Sunday, February 21, 2010

java.util.DuctTape

Overview

The proposed class, java.util.DuctTape, is designed as a general purpose fix for a variety of commonly-observed situations in production code. It serves as a temporary patch until a permanent solution is developed and deployed.

Features

DuctTape has the following features:
  1. Transform any internal data representation into any external representation without creating dependencies on either side.
  2. Transform any component interface into the interface required by any caller, again without creating dependencies.
  3. Perform branches into any point in existing code, and returns from any point in existing code, allowing for maximal reuse without recoding where logic already exists to perform some function.
  4. Intercept attempted calls to any unimplemented method and send an email request to support to perform the operation manually
Discussion

The utility of a properly-executed DuctTape implementation seems obvious.

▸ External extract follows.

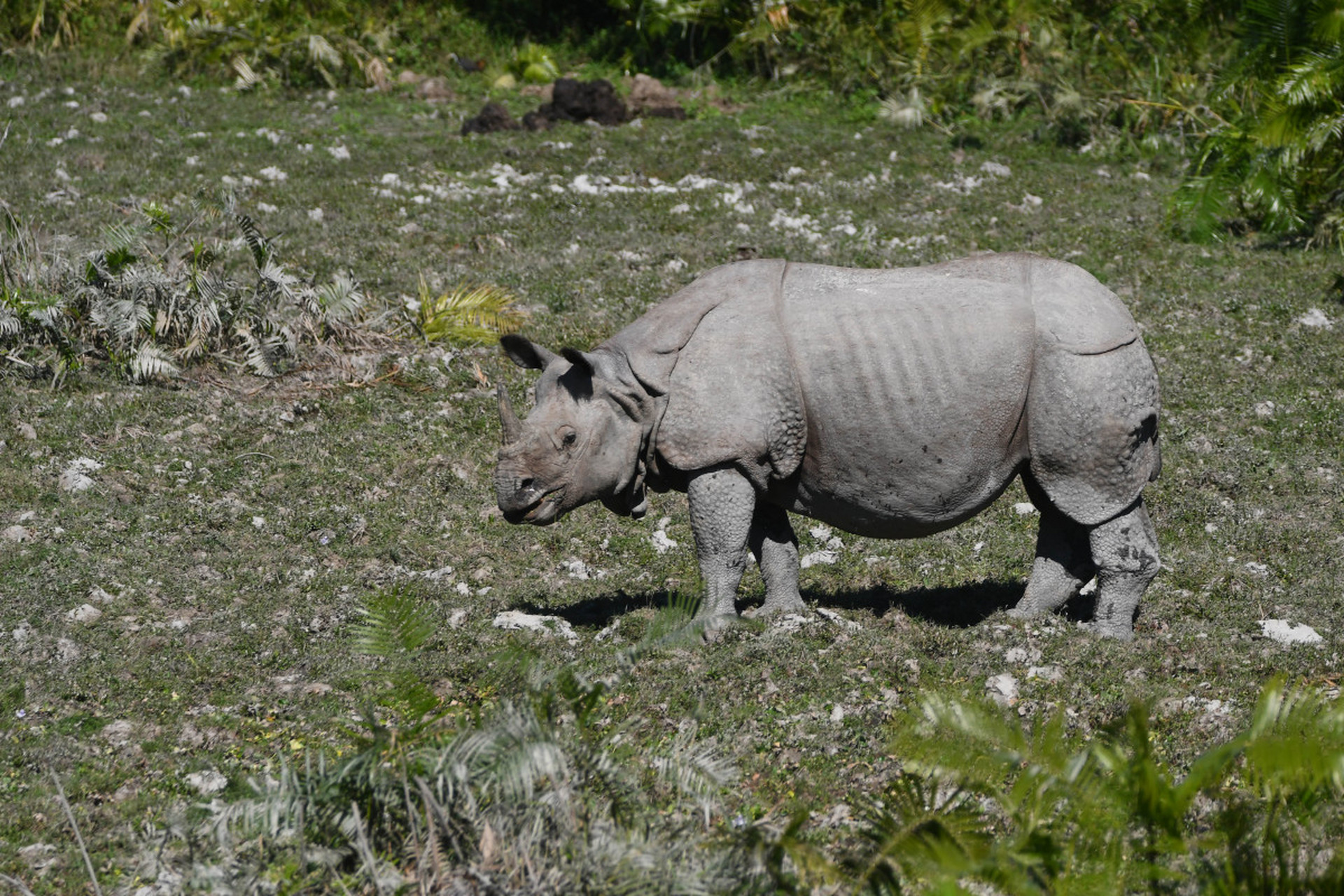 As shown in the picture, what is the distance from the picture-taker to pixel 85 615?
300 inches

Once code is in production, users inevitably find edge and corner cases (and sometimes whole use cases) not anticipated by the requirements, design, implementation, or QA teams. The lead time required to implement these cases is often not available; a quick-and-dirty DuctTape-based solution is required to keep things running smoothly. A standard DuctTape implementation is far preferable to the hacks commonly used to hold things together until the next point release.

We urge immediate action on this by the developer community.

Acknowledgement

Thanks to Bob Hedlund for the original DuctTape class concept. Thanks to the TCAS team for suggestions on the feature list.